Friday the 13th

Hack wrote this spy thriller with high hopes of selling the movie rights, starting a franchise that would spring to the collective mind every time a Friday the 13th appeared on the calendar. When he learned that there was already a series of horror films based on that strategy, he made another of his many failed suicide attempts by jumping out a window but broke his fall by landing on the woman who would become his sixth wife. After they were divorced three months later, Hack said that he wished that he’d stuck with his original title of “Goldfinger.”

Labor Day Seduction

When filmmaker Gary Marshall directed a series of romantic comedies with holiday themes like “Valentine’s Day,” “New Year’s Eve” and “Mother’s Day,” Hack wrote a spec script titled “Labor Day” and sent it to Mr. Marshall’s office. They passed on the project, objecting to the grimmer aspects of the story where a woman invites a man to a holiday barbeque and then locks him in her basement BDSM dungeon, subjecting him to various genital tortures until he admits his love for him. Hack refashioned the story into this novel about young love although he admitted that he didn’t consider it his best work, saying that it was “too sappy.”

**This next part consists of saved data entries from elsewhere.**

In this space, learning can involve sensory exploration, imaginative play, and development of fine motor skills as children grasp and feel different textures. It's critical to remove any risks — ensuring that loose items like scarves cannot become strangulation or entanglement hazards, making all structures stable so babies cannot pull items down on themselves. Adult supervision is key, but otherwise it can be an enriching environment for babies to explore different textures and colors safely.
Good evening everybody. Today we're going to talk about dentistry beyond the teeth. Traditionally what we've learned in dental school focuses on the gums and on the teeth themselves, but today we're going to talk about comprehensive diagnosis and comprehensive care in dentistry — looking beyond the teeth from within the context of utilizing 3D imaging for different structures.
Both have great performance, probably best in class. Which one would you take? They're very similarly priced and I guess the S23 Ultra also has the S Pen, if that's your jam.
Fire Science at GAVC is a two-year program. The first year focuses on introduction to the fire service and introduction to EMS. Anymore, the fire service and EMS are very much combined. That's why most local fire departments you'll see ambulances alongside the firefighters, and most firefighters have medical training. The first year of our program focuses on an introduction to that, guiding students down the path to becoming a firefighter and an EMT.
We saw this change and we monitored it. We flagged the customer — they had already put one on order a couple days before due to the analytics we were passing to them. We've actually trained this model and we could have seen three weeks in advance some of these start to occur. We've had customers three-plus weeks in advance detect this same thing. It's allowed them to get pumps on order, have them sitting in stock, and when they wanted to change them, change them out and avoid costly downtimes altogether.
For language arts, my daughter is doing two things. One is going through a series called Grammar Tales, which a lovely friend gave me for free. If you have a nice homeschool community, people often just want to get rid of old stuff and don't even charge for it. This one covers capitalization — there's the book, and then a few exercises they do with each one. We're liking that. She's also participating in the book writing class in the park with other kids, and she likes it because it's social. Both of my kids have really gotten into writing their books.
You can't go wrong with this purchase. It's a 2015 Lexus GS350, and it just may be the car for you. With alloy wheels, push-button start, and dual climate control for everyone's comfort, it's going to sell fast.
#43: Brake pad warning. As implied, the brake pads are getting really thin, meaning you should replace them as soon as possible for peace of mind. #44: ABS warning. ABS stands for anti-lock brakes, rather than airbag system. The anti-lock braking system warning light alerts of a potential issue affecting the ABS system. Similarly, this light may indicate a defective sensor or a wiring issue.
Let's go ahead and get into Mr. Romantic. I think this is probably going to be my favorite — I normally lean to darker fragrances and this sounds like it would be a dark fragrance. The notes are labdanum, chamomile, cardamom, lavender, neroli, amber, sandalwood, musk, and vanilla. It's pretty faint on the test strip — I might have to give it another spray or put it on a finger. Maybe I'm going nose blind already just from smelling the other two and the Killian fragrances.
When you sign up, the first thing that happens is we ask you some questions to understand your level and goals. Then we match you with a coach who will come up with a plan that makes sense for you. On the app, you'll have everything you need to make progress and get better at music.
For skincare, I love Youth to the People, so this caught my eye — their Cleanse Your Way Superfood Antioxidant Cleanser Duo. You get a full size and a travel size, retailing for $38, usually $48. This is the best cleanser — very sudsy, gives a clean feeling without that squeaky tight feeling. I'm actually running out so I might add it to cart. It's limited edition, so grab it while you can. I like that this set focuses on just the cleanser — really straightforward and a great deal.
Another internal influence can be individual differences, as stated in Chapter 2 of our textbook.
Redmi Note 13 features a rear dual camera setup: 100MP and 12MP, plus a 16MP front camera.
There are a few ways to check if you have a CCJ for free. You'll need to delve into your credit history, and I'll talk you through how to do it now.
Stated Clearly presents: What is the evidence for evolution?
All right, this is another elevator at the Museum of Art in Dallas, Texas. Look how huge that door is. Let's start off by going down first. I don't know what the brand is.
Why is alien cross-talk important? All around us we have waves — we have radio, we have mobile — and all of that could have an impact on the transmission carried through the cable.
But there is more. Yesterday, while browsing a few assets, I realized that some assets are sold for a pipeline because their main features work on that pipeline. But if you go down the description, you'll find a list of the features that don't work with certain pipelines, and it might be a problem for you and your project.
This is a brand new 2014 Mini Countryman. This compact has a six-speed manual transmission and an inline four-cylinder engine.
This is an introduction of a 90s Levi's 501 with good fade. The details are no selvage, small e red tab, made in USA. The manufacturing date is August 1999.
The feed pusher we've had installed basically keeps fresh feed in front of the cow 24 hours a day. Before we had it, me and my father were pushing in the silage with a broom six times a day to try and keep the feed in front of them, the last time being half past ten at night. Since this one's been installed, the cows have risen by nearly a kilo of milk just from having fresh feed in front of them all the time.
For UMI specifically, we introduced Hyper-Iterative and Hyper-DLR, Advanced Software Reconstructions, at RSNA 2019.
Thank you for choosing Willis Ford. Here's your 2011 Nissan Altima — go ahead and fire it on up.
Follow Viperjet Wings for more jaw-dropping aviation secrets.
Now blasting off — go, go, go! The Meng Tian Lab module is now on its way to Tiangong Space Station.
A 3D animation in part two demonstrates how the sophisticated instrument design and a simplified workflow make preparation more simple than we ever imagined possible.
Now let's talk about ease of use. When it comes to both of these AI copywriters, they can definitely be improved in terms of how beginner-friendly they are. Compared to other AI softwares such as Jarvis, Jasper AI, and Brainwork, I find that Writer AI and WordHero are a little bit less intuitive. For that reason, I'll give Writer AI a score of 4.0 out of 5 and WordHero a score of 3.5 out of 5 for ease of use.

Romances of the Macho Men of the Foreign Legion

Hack didn’t mess with success with the third novel in his Foreign Legion trilogy and once again just took the original manuscript and swapped out the many sex scenes with new perversions. As far as his publisher John Kane was concerned, he could have continued with the formula forever but Hack felt that he had said everything he had to say about sexual deviance on the sands of the Sahara Desert and moved on to write about sexual deviance in other locales.